● **Problem**:
Set down exactly, from the records below, the line with "Ravine Marble Top Coffee Table" through the line with "2x Xbox 30th", and nothing else.

● **Supplied material**:
###
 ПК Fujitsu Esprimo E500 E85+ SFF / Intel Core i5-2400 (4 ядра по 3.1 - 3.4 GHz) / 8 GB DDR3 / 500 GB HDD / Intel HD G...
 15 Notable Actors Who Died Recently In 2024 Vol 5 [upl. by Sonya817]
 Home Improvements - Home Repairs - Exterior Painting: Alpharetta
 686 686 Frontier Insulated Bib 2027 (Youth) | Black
###
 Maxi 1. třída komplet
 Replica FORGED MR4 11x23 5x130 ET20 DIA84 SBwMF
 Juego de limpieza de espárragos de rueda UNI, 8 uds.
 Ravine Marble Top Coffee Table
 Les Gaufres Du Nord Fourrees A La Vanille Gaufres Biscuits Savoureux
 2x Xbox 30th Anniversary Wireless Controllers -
###
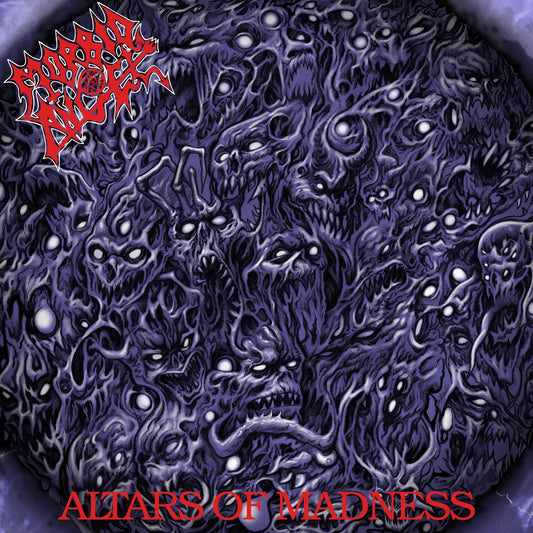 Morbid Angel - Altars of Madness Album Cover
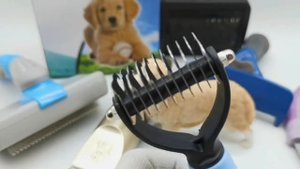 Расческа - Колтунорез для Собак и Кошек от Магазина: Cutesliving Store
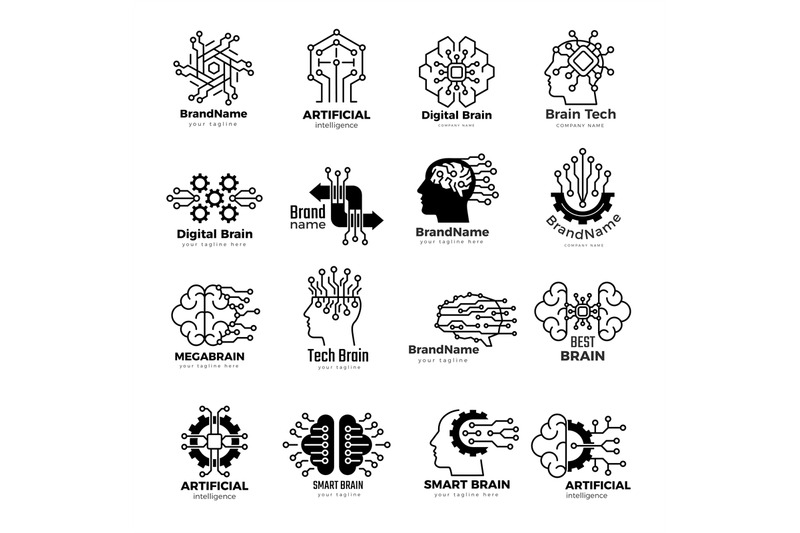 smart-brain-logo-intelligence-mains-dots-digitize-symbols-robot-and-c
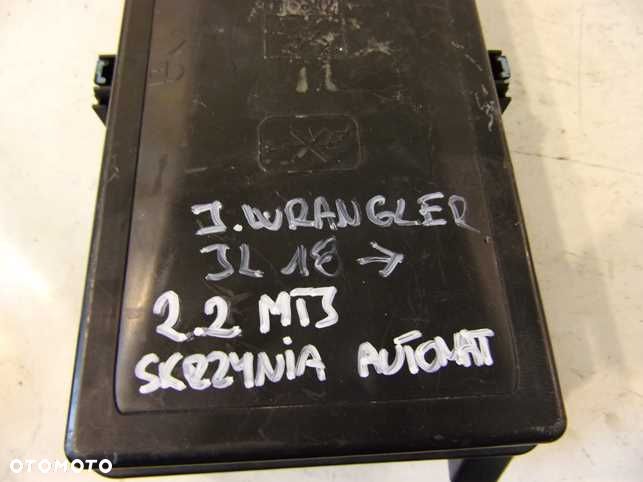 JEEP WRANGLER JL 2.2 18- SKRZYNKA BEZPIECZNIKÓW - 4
###
● **Your solution**:
 Ravine Marble Top Coffee Table
 Les Gaufres Du Nord Fourrees A La Vanille Gaufres Biscuits Savoureux
 2x Xbox 30th Anniversary Wireless Controllers -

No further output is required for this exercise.